It is just fifteen minutes after twelve. Thurtell is by this time a good way on his journey, baiting at Scorpion, perhaps. Ketch is bargaining for his cast coat and waistcoat; and the Jew demurs at first at three half-crowns, but on consideration that he may get somewhat by showing 'em in the town, finally closes.

C. L.

[1] Hanged that day for the murder of Weare.

Lx.x.x.

TO BERNARD BARTON.

_January_ 23, 1824.

My dear sir,--That peevish letter of mine, [1] which was meant to convey an apology for my incapacity to write, seems to have been taken by you in too serious a light,--it was only my way of telling you I had a severe cold. The fact is, I have been insuperably dull and lethargic for many weeks, and cannot rise to the vigor of a letter, much less an essay. The "London" must do without me for a time, for I have lost all interest about it; and whether I shall recover it again I know not. I will bridle my pen another time, and not tease and puzzle you with my aridities. I shall begin to feel a little more alive with the spring.

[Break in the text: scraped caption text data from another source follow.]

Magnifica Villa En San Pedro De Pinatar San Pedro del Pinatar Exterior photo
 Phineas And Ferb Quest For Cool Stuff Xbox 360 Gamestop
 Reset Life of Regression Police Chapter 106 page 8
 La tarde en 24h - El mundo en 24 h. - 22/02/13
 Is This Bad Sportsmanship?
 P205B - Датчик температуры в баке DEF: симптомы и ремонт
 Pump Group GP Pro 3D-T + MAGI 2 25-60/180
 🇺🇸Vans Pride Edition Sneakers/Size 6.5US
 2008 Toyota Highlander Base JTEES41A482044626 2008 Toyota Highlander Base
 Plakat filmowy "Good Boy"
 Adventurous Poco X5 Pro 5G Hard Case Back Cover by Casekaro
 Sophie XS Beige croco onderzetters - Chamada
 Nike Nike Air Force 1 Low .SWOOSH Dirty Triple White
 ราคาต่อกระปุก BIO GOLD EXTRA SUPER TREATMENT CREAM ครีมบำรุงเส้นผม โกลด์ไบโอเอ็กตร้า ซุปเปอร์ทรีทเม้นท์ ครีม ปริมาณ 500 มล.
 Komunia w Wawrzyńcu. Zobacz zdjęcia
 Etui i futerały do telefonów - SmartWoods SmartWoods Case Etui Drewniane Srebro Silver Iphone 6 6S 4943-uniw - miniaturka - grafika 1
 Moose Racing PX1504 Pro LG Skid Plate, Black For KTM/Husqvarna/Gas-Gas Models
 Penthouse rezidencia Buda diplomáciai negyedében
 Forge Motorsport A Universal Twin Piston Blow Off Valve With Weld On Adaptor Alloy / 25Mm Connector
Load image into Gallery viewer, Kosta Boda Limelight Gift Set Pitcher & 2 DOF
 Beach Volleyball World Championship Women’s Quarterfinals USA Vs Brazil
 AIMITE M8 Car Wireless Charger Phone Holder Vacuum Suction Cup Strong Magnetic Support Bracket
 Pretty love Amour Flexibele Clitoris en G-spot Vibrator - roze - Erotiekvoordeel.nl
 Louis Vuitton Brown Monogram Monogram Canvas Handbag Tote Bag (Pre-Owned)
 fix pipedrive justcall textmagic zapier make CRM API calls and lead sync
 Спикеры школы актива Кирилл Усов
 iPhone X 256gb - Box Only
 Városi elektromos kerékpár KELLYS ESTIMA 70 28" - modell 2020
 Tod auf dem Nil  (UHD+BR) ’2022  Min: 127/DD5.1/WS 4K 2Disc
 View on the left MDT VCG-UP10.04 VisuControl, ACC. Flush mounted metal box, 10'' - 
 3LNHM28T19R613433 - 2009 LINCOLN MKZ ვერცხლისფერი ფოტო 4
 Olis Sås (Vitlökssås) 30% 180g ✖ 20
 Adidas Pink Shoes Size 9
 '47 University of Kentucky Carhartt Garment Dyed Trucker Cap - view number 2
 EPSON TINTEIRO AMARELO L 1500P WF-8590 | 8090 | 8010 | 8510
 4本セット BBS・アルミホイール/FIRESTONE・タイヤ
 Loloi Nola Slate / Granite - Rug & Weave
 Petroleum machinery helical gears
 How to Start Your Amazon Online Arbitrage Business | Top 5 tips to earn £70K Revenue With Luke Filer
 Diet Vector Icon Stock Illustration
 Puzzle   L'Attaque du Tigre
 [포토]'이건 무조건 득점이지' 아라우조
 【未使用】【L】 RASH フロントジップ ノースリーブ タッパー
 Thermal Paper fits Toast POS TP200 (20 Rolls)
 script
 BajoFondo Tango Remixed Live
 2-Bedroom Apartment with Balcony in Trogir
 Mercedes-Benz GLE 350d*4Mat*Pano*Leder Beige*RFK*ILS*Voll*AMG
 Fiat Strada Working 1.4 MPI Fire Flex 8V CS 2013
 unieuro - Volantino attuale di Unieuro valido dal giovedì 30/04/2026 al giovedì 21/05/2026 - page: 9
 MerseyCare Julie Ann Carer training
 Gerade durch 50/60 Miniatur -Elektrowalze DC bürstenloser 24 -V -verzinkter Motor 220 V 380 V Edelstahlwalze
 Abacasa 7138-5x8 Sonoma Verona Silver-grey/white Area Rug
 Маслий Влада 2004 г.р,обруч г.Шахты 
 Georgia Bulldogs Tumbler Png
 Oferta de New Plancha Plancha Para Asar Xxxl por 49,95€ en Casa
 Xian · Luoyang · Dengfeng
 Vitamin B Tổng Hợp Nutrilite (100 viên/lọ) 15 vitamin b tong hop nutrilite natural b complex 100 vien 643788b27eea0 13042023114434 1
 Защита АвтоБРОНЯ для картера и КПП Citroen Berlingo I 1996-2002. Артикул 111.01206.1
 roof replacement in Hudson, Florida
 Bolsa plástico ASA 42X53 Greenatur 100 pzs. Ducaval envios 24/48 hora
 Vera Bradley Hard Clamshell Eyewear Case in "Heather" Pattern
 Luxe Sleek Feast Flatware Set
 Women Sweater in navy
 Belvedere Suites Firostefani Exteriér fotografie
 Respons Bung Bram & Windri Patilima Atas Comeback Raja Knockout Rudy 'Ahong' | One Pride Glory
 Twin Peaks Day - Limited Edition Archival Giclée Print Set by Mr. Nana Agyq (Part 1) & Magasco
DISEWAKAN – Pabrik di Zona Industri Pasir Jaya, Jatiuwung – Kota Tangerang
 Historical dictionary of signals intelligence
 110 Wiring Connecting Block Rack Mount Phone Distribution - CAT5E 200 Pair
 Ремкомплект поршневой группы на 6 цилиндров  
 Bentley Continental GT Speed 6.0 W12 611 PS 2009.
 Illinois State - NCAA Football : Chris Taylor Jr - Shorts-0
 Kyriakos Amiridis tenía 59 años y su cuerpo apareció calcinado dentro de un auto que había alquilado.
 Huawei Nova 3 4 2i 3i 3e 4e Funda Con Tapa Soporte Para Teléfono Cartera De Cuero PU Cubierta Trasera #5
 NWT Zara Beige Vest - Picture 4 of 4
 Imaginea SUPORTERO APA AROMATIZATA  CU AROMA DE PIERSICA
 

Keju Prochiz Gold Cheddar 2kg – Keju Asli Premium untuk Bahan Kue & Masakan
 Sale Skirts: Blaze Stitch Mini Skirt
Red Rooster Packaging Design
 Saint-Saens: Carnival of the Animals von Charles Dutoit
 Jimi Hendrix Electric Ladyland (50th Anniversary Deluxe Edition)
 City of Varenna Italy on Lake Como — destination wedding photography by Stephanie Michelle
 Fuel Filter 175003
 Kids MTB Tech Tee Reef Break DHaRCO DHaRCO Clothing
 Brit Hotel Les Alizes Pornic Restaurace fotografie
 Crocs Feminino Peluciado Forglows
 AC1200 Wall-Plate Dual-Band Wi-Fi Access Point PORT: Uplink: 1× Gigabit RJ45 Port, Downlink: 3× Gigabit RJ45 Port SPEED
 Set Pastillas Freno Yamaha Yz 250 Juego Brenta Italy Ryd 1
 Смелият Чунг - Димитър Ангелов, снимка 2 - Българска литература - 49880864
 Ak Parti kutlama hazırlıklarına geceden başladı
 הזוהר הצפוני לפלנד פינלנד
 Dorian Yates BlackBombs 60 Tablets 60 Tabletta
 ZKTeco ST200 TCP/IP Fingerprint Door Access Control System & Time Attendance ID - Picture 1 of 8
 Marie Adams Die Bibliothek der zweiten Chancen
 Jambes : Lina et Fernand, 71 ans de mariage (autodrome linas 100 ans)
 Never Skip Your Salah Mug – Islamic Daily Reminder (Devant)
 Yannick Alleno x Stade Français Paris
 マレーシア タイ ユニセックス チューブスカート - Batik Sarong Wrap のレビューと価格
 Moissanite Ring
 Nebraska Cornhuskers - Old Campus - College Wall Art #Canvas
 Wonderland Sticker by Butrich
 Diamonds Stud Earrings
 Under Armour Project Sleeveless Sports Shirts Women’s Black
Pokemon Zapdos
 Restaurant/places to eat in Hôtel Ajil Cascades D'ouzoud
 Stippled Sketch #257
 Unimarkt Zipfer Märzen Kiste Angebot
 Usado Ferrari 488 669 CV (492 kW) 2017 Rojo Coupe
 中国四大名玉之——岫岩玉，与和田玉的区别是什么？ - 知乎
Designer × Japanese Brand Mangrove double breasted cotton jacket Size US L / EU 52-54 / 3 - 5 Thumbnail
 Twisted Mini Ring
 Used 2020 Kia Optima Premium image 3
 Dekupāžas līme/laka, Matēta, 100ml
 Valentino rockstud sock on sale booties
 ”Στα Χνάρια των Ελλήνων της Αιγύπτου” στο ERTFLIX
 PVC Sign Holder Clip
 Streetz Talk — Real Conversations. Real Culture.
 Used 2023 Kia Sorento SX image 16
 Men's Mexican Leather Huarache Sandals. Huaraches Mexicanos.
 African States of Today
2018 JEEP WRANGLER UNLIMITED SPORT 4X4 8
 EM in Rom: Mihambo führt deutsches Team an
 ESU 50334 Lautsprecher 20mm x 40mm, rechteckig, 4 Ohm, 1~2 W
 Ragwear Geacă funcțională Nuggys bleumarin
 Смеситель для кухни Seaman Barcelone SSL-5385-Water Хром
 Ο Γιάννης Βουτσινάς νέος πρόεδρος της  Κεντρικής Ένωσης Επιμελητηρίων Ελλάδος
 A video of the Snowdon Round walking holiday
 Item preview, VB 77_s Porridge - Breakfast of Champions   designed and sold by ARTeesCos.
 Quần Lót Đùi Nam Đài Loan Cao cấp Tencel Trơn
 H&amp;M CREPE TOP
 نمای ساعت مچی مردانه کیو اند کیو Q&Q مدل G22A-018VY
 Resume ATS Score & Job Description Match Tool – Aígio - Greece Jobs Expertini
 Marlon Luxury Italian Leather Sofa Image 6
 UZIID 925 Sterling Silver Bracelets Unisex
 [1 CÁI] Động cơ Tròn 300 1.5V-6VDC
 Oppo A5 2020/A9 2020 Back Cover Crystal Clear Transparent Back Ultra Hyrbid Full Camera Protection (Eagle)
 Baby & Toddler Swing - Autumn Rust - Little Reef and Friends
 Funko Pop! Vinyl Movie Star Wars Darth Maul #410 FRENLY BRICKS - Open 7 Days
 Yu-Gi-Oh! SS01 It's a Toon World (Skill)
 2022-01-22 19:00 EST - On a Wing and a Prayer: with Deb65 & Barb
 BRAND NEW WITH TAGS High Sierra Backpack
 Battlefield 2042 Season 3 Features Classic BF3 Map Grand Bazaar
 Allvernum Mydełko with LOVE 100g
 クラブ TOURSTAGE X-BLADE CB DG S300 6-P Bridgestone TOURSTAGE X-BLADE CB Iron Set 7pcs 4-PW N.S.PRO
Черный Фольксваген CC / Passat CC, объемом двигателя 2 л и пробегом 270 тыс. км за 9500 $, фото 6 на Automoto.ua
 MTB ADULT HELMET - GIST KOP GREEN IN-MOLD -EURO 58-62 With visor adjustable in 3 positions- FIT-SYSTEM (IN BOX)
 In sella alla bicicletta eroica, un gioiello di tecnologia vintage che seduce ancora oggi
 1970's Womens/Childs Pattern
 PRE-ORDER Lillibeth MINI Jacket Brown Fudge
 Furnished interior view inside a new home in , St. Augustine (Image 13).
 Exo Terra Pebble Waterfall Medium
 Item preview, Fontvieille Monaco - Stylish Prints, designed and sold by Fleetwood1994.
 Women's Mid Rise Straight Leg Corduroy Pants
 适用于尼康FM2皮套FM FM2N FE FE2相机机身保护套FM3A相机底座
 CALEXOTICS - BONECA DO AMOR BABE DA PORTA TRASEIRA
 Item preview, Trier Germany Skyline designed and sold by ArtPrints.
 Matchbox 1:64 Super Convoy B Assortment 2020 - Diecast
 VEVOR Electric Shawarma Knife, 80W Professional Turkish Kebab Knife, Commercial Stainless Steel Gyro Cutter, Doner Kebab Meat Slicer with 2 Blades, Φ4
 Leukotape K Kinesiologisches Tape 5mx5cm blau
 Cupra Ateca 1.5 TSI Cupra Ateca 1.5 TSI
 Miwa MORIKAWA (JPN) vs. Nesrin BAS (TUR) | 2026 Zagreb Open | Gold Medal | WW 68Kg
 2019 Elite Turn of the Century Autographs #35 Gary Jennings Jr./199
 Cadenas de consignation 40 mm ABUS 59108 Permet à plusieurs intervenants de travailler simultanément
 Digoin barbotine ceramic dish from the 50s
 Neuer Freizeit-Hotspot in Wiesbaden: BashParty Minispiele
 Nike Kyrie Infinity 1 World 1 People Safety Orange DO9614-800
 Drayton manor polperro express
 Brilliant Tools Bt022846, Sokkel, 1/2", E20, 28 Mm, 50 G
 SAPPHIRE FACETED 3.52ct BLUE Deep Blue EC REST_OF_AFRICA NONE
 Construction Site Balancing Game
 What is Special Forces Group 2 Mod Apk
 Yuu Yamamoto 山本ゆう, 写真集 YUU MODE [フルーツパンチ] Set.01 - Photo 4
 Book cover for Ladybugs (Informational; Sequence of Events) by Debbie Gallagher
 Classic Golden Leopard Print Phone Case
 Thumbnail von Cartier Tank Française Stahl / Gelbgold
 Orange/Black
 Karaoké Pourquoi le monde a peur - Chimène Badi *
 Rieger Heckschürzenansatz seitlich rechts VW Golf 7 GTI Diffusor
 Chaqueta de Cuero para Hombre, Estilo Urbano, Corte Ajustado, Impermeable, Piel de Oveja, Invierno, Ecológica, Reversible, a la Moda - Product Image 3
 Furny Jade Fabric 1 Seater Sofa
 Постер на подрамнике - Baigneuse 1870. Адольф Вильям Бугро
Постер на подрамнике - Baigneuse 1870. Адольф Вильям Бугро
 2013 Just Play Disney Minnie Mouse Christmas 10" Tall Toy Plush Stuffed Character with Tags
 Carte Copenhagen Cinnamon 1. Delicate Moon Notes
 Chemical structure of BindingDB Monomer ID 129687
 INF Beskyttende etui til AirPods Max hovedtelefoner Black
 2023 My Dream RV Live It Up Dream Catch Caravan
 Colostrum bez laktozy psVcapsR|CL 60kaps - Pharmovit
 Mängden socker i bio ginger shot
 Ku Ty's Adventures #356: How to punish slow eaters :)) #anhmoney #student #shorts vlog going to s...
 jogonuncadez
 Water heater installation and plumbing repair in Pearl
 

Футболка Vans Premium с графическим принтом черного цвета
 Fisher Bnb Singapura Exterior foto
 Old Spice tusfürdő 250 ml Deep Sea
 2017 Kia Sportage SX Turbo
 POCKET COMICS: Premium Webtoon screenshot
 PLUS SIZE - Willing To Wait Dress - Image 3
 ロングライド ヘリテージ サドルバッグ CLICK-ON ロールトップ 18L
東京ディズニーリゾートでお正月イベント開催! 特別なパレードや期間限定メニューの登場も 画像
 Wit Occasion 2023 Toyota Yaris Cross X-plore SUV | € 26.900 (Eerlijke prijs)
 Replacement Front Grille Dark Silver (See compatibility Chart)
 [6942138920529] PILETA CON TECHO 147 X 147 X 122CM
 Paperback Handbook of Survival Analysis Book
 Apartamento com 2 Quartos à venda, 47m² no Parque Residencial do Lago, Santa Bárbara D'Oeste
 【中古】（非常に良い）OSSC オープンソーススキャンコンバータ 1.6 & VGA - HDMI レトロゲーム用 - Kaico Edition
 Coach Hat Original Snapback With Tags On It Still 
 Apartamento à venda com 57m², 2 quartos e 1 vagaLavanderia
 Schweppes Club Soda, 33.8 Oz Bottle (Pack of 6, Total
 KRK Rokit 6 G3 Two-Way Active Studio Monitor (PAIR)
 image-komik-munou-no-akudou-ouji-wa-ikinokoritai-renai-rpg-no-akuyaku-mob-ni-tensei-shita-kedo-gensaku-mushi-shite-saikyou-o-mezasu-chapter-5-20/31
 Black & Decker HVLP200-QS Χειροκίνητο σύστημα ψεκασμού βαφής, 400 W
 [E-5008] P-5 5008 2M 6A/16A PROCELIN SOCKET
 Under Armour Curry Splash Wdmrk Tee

Winter is to me (mild or harsh) always a great trial of the spirits. I am ashamed not to have noticed your tribute to Woolman, whom we love so much; it is done in your good manner. Your friend Tayler called upon me some time since, and seems a very amiable man. His last story is painfully fine. His book I "like;" it is only too stuffed with Scripture, too parsonish. The best thing in it is the boy's own story.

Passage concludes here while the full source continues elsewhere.